Structural basis of client recognition by co-chaperones on the Hsp70 network

Molecular chaperones play a vital role in protein homeostasis by aiding in the folding of newly synthesized proteins, refolding damaged or misfolded proteins, and sometimes preventing or reversing protein aggregation. In the chaperone cycle of Hsp70s, ATP-independent Hsp40s (known as J-domain proteins, JDPs) are responsible for recognizing and delivering clients to their Hsp70 partner. Although all JDPs have a conserved J-domain, which binds Hsp70s, each holds multiple client bindings. While in the non-canonical JDPs, the binding region is defined as a single C-terminal-domain (CTD), in canonical class A and B JDPs, this is divided into two CTDs (I and II), where the CTDI of class A is implicated in the binding with unfolded peptides. It is yet unknown how different JDPs recognize, select, and remodel different clients.

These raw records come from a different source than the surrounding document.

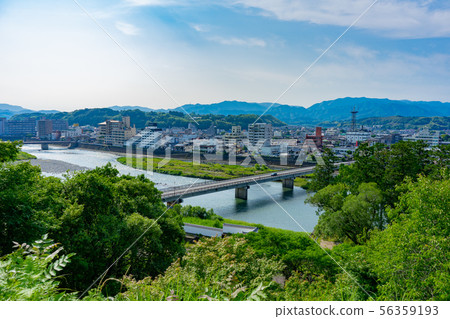 從人吉城堡遺址的人吉市 56359193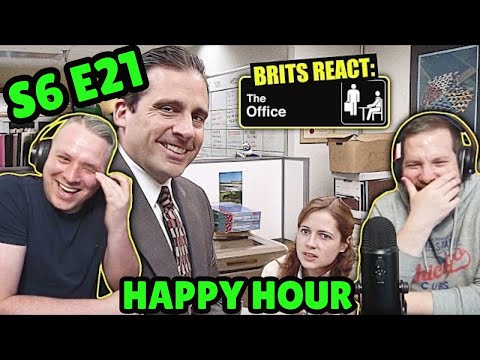 British Guys HILARIOUS The Office Reaction | Season 6 Episode 21 (Happy Hour)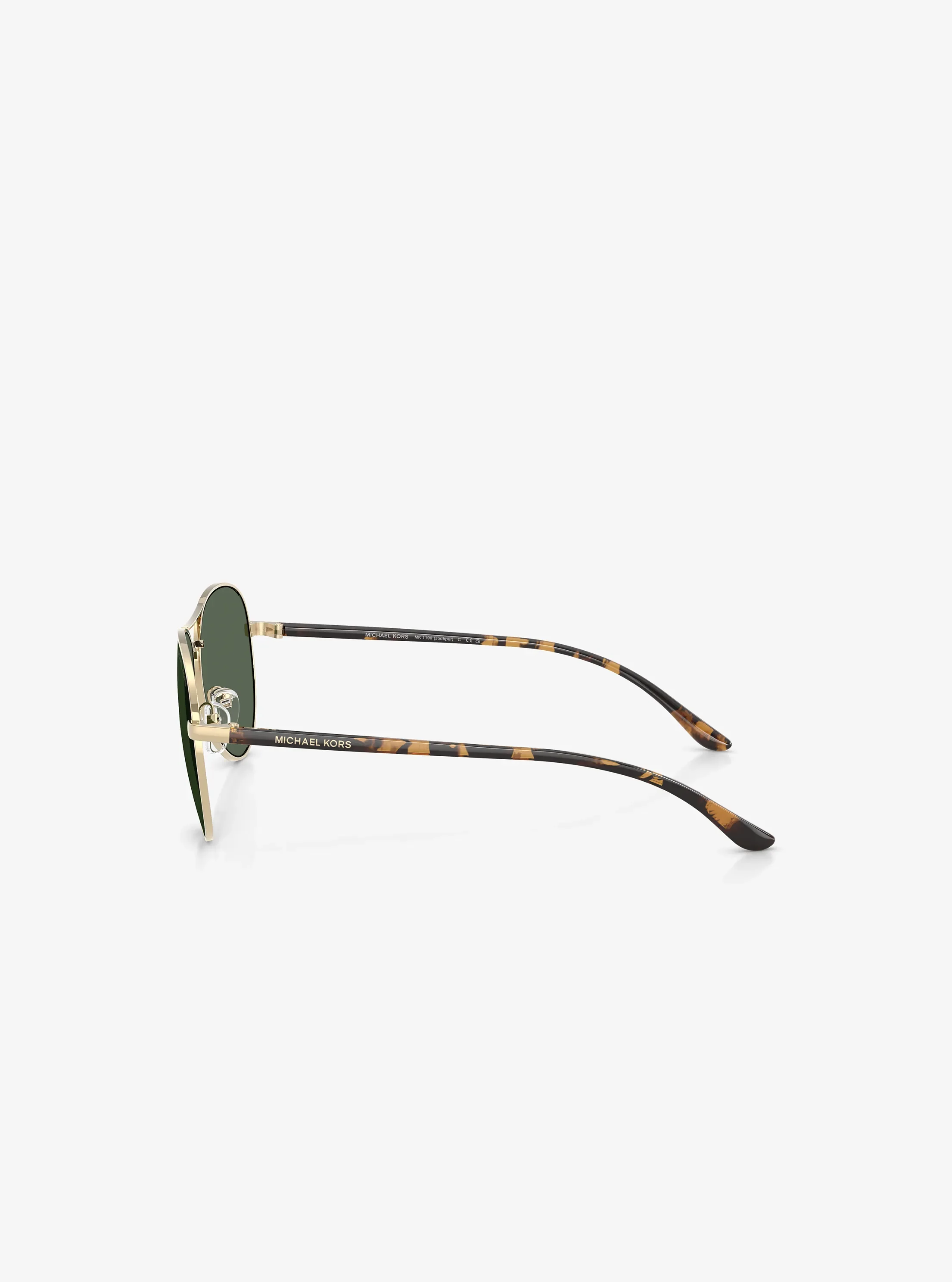 Солнцезащитные очки Michael Kors Jodhpur Sunglasses, цвет: Золотой — фото 3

In this work, we used a combination of solution Nuclear Magnetic Resonance (NMR) methods to explore the interactions at an atomic level between different JDPs and two distinctive client proteins in terms of primary/ secondary structure (β-sheet to α-helical) and stabilities (marginally to misfolded or partially folded). Among the studied JDPs, we found that class A recognizes these client proteins by binding its CTDI to the most exposed hydrophobic segment. This leads to a dynamic and heterogeneous bound complex, which we characterized by NMR experiments to gain kinetic and thermodynamic information. Interestingly, the chaperone preferentially binds to the unfolded ensemble in a millisecond’s timescale suggesting a conformational selection mechanism. This work presents a conserved mode of client recognition by class A JDPs co-chaperones.